(Caption-style text data)
■ ■ ■ ■ ■

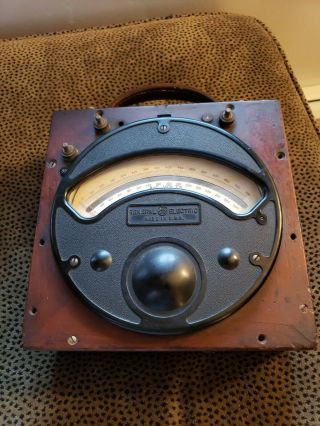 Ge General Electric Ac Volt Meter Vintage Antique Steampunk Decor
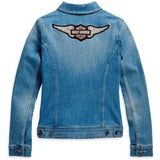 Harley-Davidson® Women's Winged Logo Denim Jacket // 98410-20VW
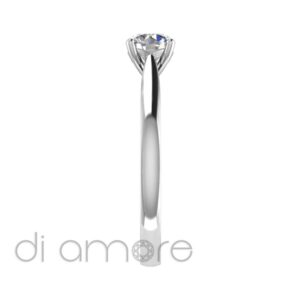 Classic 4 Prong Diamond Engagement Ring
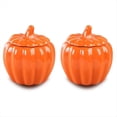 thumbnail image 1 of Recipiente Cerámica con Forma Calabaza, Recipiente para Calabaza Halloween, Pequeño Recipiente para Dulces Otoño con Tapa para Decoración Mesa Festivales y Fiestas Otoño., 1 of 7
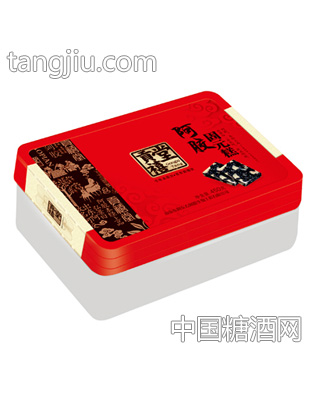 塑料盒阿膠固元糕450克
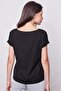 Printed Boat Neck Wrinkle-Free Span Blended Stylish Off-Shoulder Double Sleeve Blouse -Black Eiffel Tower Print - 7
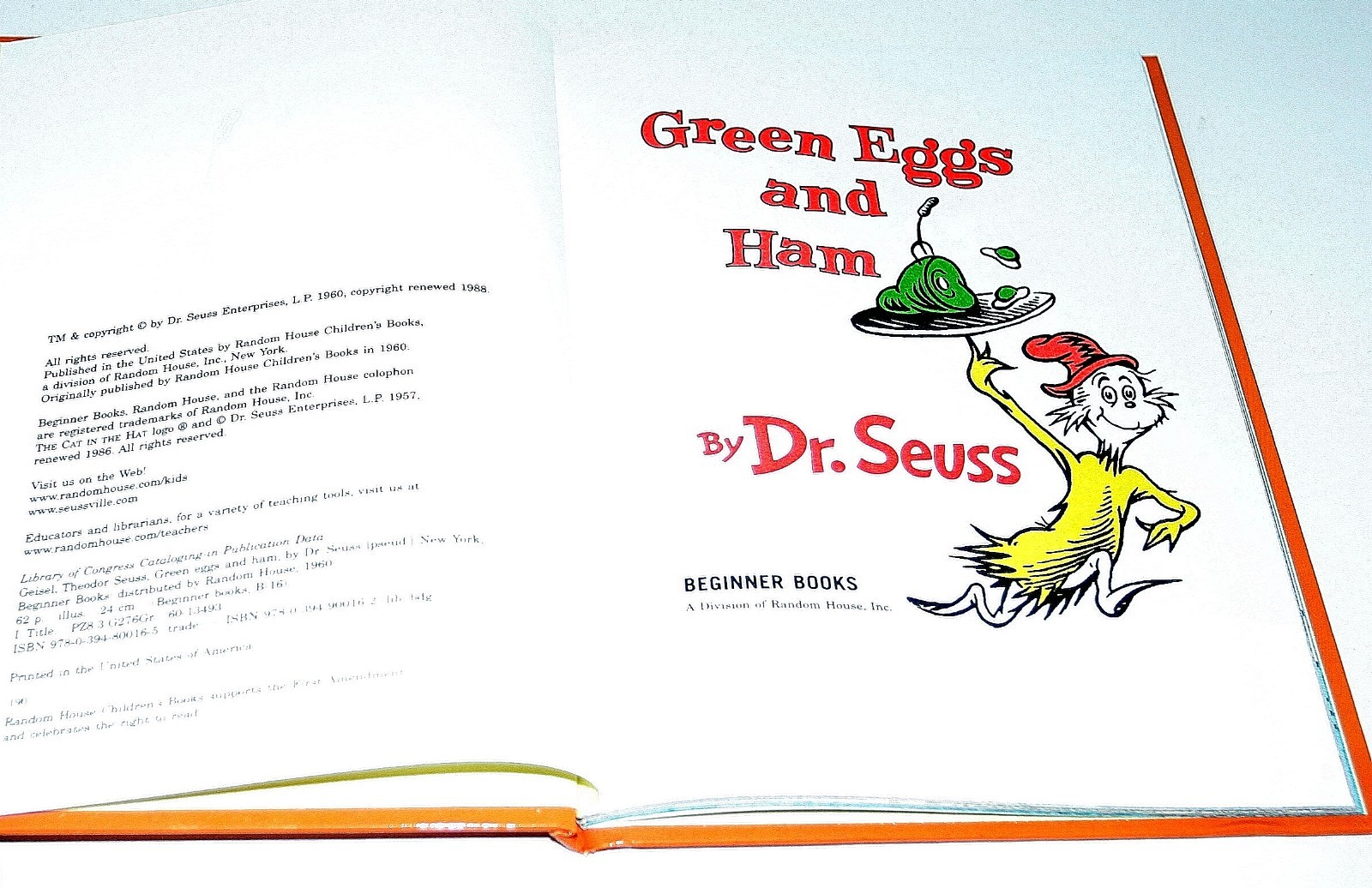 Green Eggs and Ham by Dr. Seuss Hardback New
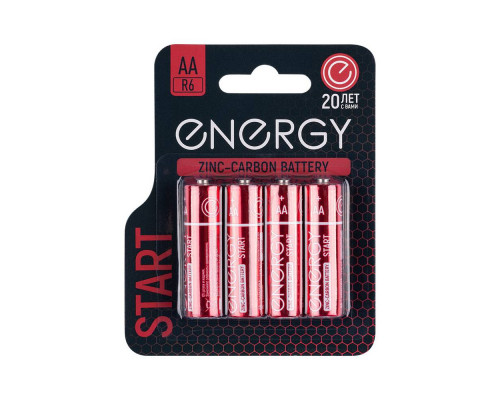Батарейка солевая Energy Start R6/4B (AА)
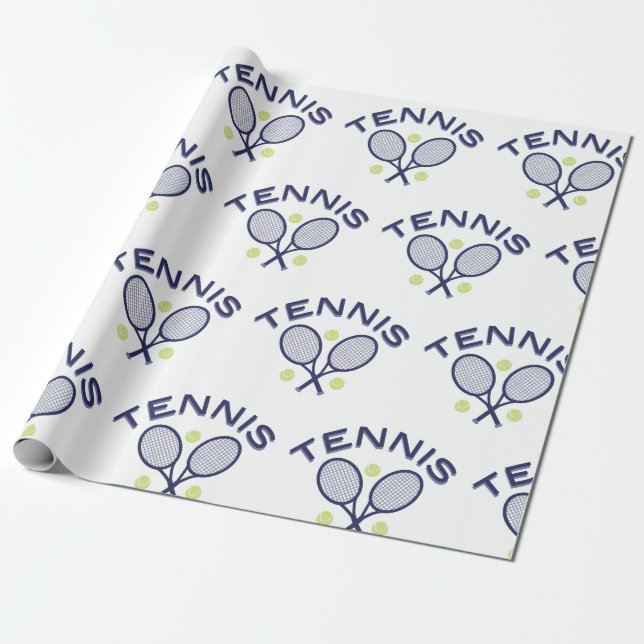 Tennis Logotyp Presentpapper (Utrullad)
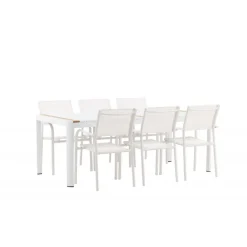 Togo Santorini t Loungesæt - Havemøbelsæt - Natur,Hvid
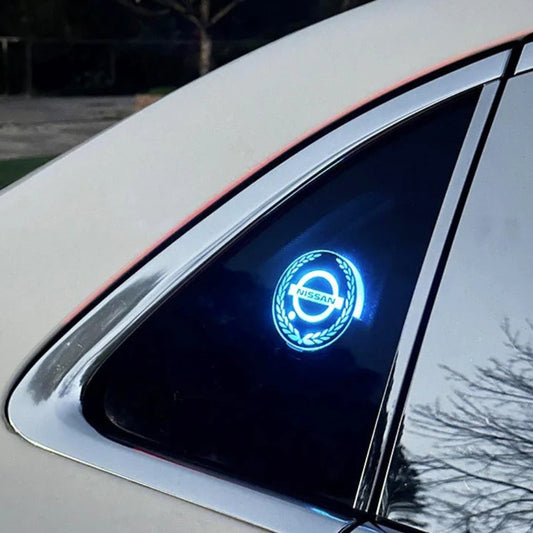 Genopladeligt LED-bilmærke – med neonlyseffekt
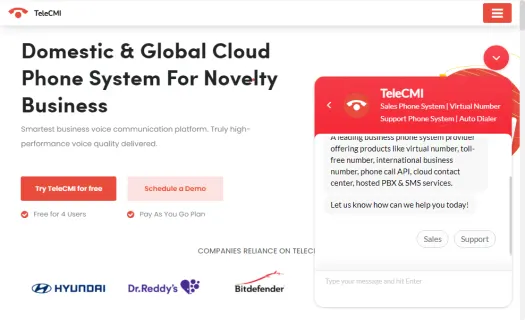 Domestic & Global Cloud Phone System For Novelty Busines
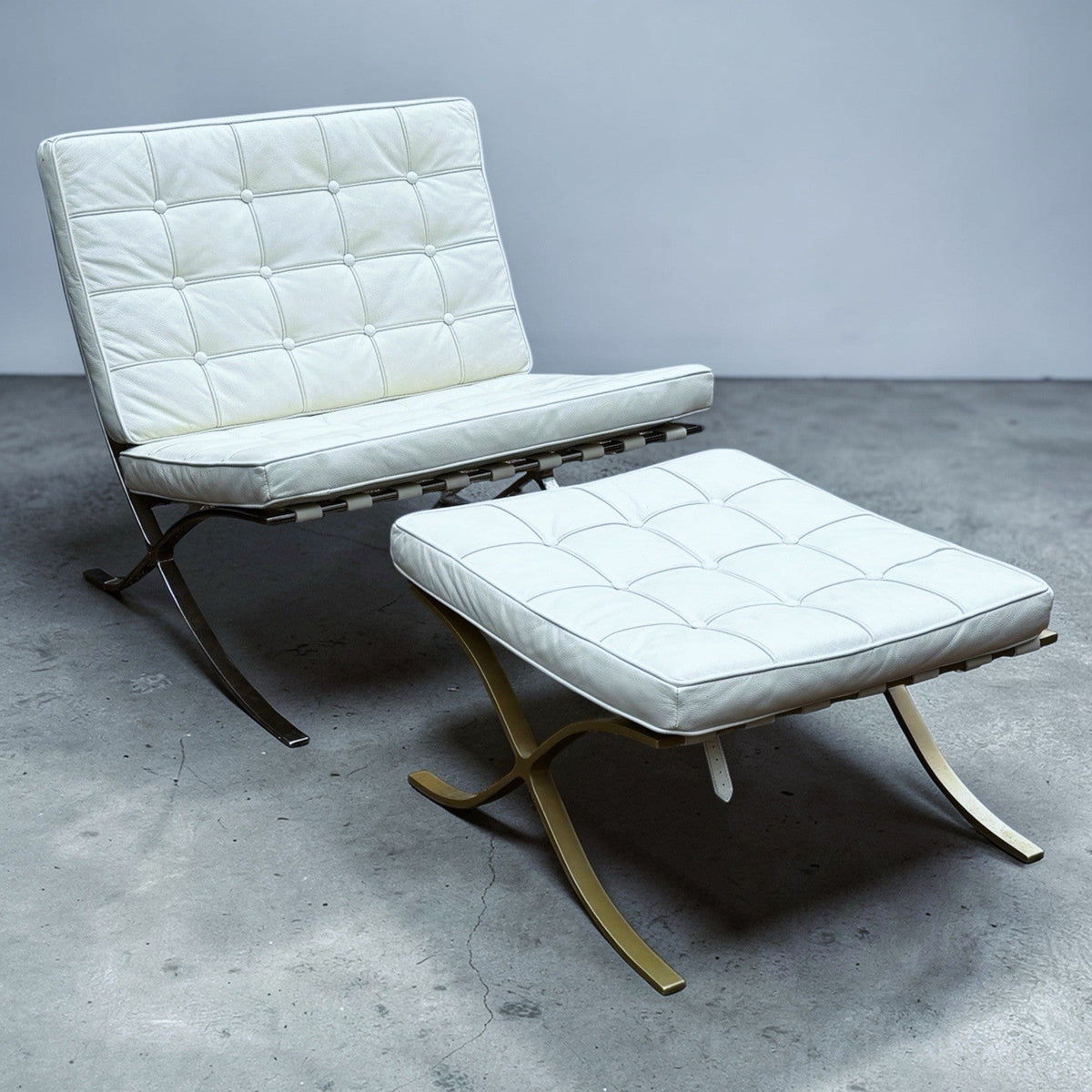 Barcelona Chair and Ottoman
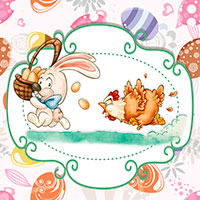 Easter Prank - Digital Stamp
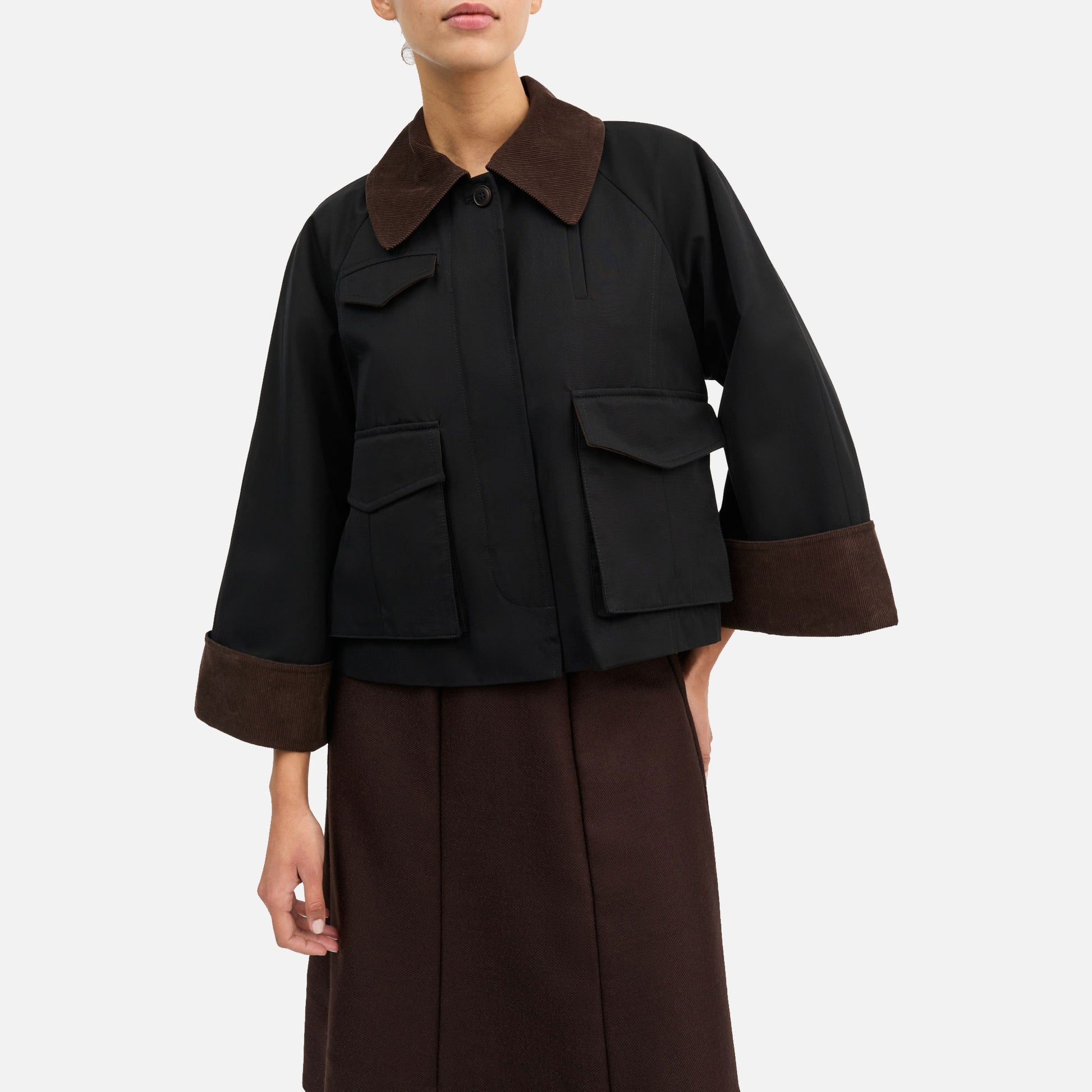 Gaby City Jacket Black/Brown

■ ■ ■ ■ ■

#### Requirement:
From the first line above to the line containing "塑料盒阿膠固元糕450克", repeat each line exactly. Pictures stay out.

#### Task output:
 Ge General Electric Ac Volt Meter Vintage Antique Steampunk Decor
 Harley-Davidson® Women's Winged Logo Denim Jacket // 98410-20VW
 Classic 4 Prong Diamond Engagement Ring
 thumbnail image 1 of Recipiente Cerámica con Forma Calabaza, Recipiente para Calabaza Halloween, Pequeño Recipiente para Dulces Otoño con Tapa para Decoración Mesa Festivales y Fiestas Otoño., 1 of 7
 塑料盒阿膠固元糕450克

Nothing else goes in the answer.